Robust Loss Functions under Label Noise for Deep Neural Networks

TL;DR

This paper investigates loss functions that are inherently robust to label noise in deep neural networks, providing theoretical conditions and demonstrating that certain loss functions like mean absolute error improve noise tolerance.

Contribution

It generalizes noise-tolerant loss function conditions from binary to multiclass classification and identifies the mean absolute error loss as inherently robust to label noise.

Findings

Mean absolute error loss is robust to label noise in deep networks.

Theoretical conditions for noise-tolerant loss functions are extended to multiclass problems.

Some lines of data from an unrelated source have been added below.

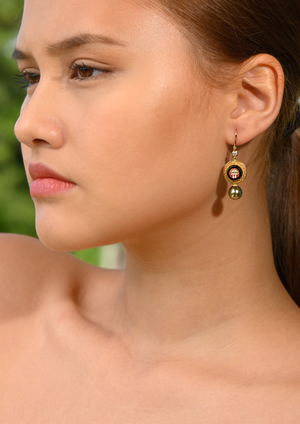 Micro Mosaic Janus Face Earrings in 18 Karat Gold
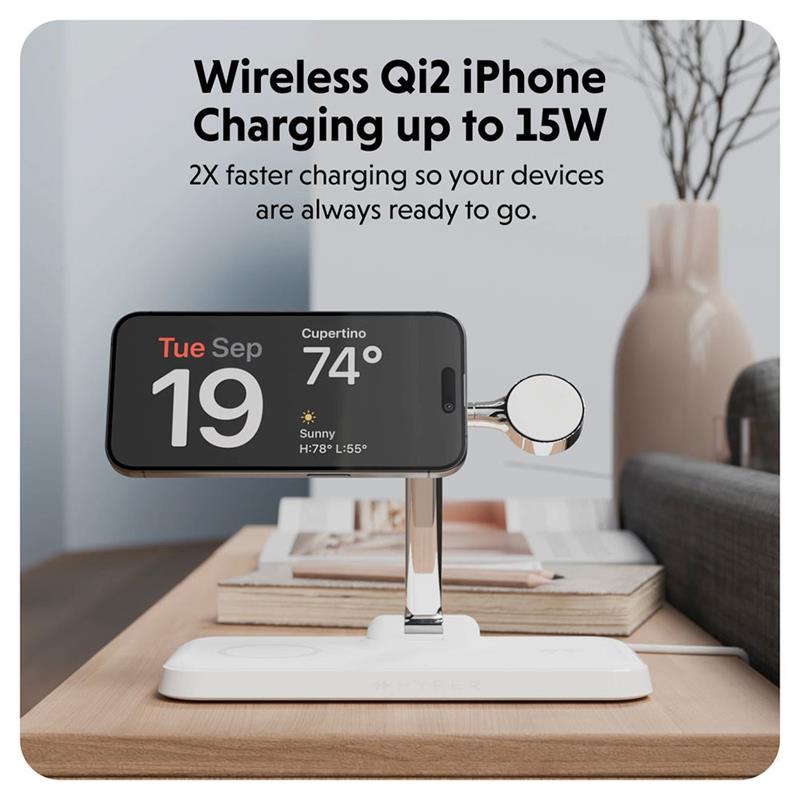 Hyper HyperJuice Qi2 4-in-1 Magnetic Charging Stand - White 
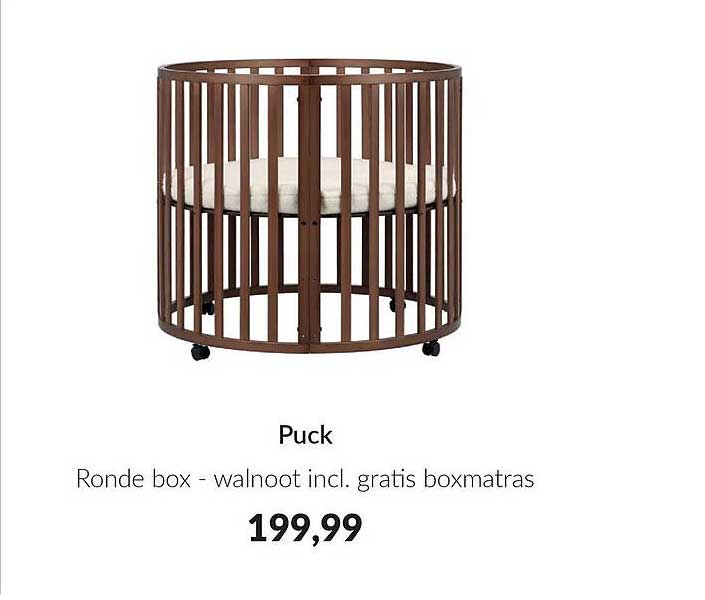 Puck Ronde box - walnoot incl. gratis boxmatras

Experiments confirm robustness of risk minimization with such loss functions.

Abstract

In many applications of classifier learning, training data suffers from label noise. Deep networks are learned using huge training data where the problem of noisy labels is particularly relevant. The current techniques proposed for learning deep networks under label noise focus on modifying the network architecture and on algorithms for estimating true labels from noisy labels. An alternate approach would be to look for loss functions that are inherently noise-tolerant. For binary classification there exist theoretical results on loss functions that are robust to label noise. In this paper, we provide some sufficient conditions on a loss function so that risk minimization under that loss function would be inherently tolerant to label noise for multiclass classification problems. These results generalize the existing results on noise-tolerant loss functions for binary classification. We study some of the widely used loss functions in deep networks and show that the loss function based on mean absolute value of error is inherently robust to label noise. Thus standard back propagation is enough to learn the true classifier even under label noise. Through experiments, we illustrate the robustness of risk minimization with such loss functions for learning neural networks.